C’è poi un’altra storia che ci riporta ad una delle pagine più buie del Novecento, dove questa volta l’amicizia nasce proprio alle Olimpiadi, giusto? 

Sì, mentre i due giapponesi erano già amici al loro arrivo a Berlino, i due protagonisti della seconda storia non lo erano prima dei Giochi. Due atleti conosciutissimi, il tedesco Luz Long e soprattutto lo statunitense Jesse Owens che, con le sue quattro medaglie d’oro vinte, scrisse una pagina memorabile nella storia delle Olimpiadi. Owens nella gara del salto in lungo è però, a sorpresa, in grande difficoltà. Durante le qualificazioni dopo due salti nulli ha un solo tentativo a disposizione per non essere eliminato. Long, che era il suo rivale, capisce che la sua difficoltà è nella scarsa rincorsa. Lo avvicina e gli consiglia di partire più indietro. Owens grazie a questo suggerimento riesce a qualificarsi per la finale, dove vincerà l’oro proprio davanti al tedesco. I due fraternizzano, durante la gara si sostengono a vicenda. Nasce una grande amicizia, apparentemente impossibile: Luz Long, tedesco, atleta simbolo per la razza ariana e Jess Owens, atleta afroamericano. Anche per quell’amicizia Long fu mandato in prima linea a combattere nel conflitto mondiale, dove morirà nel 1943. In guerra, Long manterrà sempre un contatto epistolare con Owens. In una di queste lettere, poco dopo aver saputo di essere diventato padre, scrive: “Il mio cuore mi dice che questa potrebbe essere l’ultima lettera che ti scrivo. Se così dovesse essere, ti chiedo di andare in Germania quando il conflitto sarà finito. Vai a trovare mio figlio e raccontagli che neppure la guerra è riuscita a rompere la nostra amicizia. Tuo fratello Luz”. L’atleta tedesco morirà poco dopo, a Gela, in Sicilia. Jess Owens incontrerà anni dopo il giovane Long, partecipando anche alle sue nozze, e lo abbraccerà come tanti anni prima aveva fatto con suo padre.

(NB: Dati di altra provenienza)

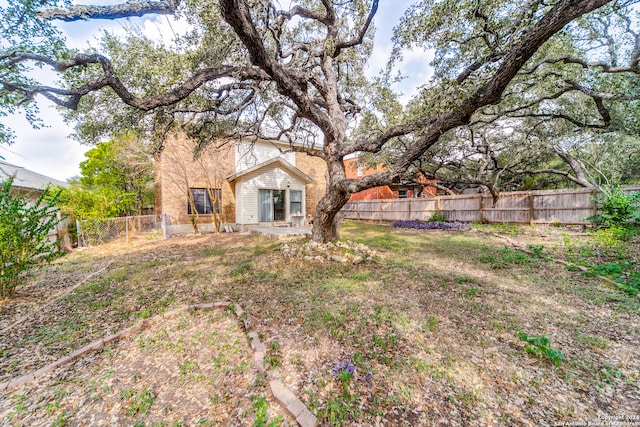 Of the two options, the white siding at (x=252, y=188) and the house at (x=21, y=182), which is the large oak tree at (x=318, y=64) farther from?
the white siding at (x=252, y=188)

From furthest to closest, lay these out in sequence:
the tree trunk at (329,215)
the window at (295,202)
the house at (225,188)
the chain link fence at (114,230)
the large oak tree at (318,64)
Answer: the window at (295,202)
the house at (225,188)
the chain link fence at (114,230)
the tree trunk at (329,215)
the large oak tree at (318,64)

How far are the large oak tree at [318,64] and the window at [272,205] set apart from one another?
5.35m

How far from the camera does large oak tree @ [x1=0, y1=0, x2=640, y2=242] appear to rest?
12.8ft

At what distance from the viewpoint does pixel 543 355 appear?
2.52 meters

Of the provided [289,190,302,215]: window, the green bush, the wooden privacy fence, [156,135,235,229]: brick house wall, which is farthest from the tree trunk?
the wooden privacy fence

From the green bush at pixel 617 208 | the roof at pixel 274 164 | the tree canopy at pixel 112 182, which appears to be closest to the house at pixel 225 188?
the roof at pixel 274 164

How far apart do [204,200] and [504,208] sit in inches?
633

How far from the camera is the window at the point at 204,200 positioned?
1276 centimetres

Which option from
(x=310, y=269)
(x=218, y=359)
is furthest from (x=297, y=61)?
(x=218, y=359)

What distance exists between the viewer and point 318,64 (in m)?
7.48

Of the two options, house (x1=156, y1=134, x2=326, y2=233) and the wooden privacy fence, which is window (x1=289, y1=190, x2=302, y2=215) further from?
the wooden privacy fence

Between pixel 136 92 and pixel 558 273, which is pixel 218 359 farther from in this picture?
pixel 558 273

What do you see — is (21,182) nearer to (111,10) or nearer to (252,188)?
(252,188)

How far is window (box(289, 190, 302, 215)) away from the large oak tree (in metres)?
6.16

Pasquale, sono due storie davvero significative. Colpisce anche il fatto che abbiano elementi, dalla medaglia fusa alle lettere, che ci permettono di riviverle, quasi di toccarle con mano. Una suggestione nella suggestione questa?

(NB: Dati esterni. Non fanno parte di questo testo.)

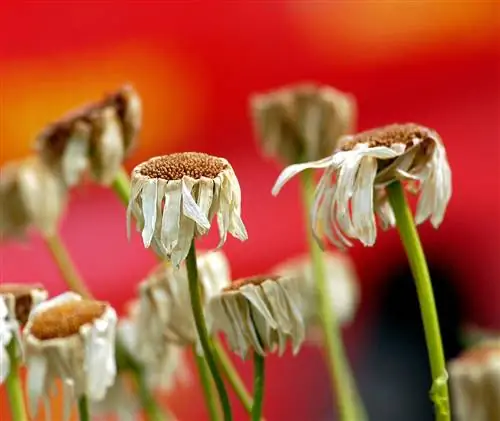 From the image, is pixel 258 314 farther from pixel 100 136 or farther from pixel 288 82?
pixel 288 82

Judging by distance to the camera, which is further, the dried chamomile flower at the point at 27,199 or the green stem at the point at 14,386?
the dried chamomile flower at the point at 27,199

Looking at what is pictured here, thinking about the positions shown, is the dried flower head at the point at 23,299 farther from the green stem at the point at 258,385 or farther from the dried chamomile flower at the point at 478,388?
the dried chamomile flower at the point at 478,388

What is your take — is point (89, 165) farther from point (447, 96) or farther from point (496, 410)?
point (447, 96)

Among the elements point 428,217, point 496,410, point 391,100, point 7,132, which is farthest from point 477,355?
point 391,100

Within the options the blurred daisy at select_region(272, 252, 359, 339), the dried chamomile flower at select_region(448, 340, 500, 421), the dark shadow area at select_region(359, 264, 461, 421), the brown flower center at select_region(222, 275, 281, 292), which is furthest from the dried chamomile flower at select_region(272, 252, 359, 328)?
the dark shadow area at select_region(359, 264, 461, 421)

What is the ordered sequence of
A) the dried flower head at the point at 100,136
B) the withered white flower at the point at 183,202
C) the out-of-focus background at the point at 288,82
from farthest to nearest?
the out-of-focus background at the point at 288,82 < the dried flower head at the point at 100,136 < the withered white flower at the point at 183,202

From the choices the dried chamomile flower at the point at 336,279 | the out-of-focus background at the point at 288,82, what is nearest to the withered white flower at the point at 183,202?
the dried chamomile flower at the point at 336,279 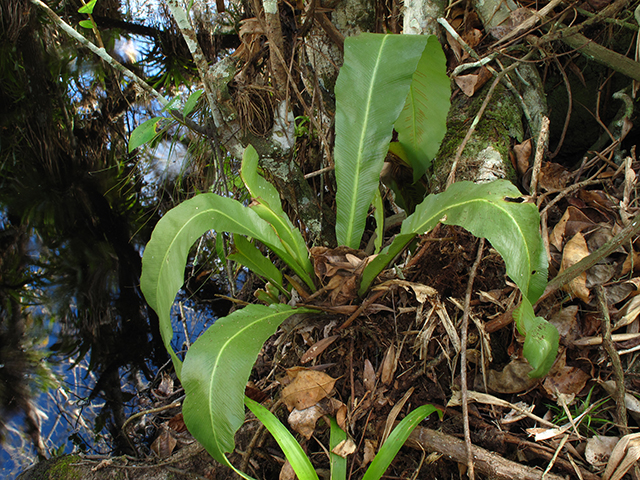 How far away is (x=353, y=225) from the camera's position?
98 cm

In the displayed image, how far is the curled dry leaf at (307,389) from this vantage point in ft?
2.83

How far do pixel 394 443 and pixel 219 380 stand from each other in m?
0.33

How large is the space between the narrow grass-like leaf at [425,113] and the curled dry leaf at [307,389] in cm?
53

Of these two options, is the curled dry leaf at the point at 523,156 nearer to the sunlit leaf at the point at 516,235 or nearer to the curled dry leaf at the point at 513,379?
the sunlit leaf at the point at 516,235

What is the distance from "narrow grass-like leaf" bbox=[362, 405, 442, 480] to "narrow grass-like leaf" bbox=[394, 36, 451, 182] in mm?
546

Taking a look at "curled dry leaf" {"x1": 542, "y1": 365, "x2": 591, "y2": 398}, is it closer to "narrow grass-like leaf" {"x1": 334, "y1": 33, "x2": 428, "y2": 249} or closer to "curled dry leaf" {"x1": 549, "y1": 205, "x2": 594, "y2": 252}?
"curled dry leaf" {"x1": 549, "y1": 205, "x2": 594, "y2": 252}

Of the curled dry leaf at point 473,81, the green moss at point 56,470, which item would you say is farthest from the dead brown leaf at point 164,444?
the curled dry leaf at point 473,81

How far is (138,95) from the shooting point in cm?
195

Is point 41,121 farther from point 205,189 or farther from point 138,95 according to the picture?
point 205,189

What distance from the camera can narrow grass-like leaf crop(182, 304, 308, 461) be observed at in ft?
2.16

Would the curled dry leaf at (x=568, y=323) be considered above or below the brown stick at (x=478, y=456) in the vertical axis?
above

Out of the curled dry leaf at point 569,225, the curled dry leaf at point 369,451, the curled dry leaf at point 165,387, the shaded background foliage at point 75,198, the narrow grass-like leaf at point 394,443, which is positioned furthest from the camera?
the shaded background foliage at point 75,198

Sì, questo è proprio il bello dei Giochi Olimpici! Il fatto che ci consegnano storie uniche, per certi versi irripetibili. Lo vediamo in qualsiasi edizione. Aprire il libro dei ricordi olimpici è un po’ come sfogliare un grande romanzo, ricco di passioni, di vite che si intrecciano con dei valori importanti e ci permettono di essere testimoni di storie memorabili.